Knitting and other handwork projects play an important role in the development of fine motor skills, inner calm, and intellectual clarity. Author and handwork teacher Rachel Magrisso from the Green Mountain Waldorf School in Vermont says that handwork “is the time for the children to be still within themselves. It helps the children in their thinking, in their ability to make judgments: is every stitch even, clear, consistent, and of the right tension? When they are doing handwork, there is harmony. The room settles down to a hum.”

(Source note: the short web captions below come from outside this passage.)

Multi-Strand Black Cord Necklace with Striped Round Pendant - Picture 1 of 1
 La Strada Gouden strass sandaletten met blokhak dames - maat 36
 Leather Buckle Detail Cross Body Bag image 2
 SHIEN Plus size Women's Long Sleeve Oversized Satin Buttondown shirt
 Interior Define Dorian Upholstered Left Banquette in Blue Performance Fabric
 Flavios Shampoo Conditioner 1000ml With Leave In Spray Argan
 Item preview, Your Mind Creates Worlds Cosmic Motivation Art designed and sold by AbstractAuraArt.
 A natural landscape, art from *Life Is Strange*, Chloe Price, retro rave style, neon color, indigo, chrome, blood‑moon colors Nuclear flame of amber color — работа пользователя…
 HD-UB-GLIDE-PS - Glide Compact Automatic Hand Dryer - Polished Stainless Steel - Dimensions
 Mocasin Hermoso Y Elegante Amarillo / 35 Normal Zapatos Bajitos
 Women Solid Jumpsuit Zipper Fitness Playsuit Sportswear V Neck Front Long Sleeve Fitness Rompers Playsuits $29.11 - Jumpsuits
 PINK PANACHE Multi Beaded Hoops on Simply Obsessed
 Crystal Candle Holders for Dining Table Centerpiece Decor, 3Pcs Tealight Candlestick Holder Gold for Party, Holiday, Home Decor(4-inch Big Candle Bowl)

The specific handwork taught in Waldorf schools develops with the growing child. The students are always expanding their hand dexterity and their work with design, color and precision all the way from First Grade, when the curriculum calls for learning the basic knit stitch and creating a practical and useful project in a warm textile such as wool, to the Eighth Grade, when the students learn the skills to design and sew clothing using a sewing machine. They are exercising their will force, patience, and longevity to keep working at a project over weeks and even months. Through all this, the students gain a precious insight into the nature of physical things and a deep appreciation for human-made objects in general.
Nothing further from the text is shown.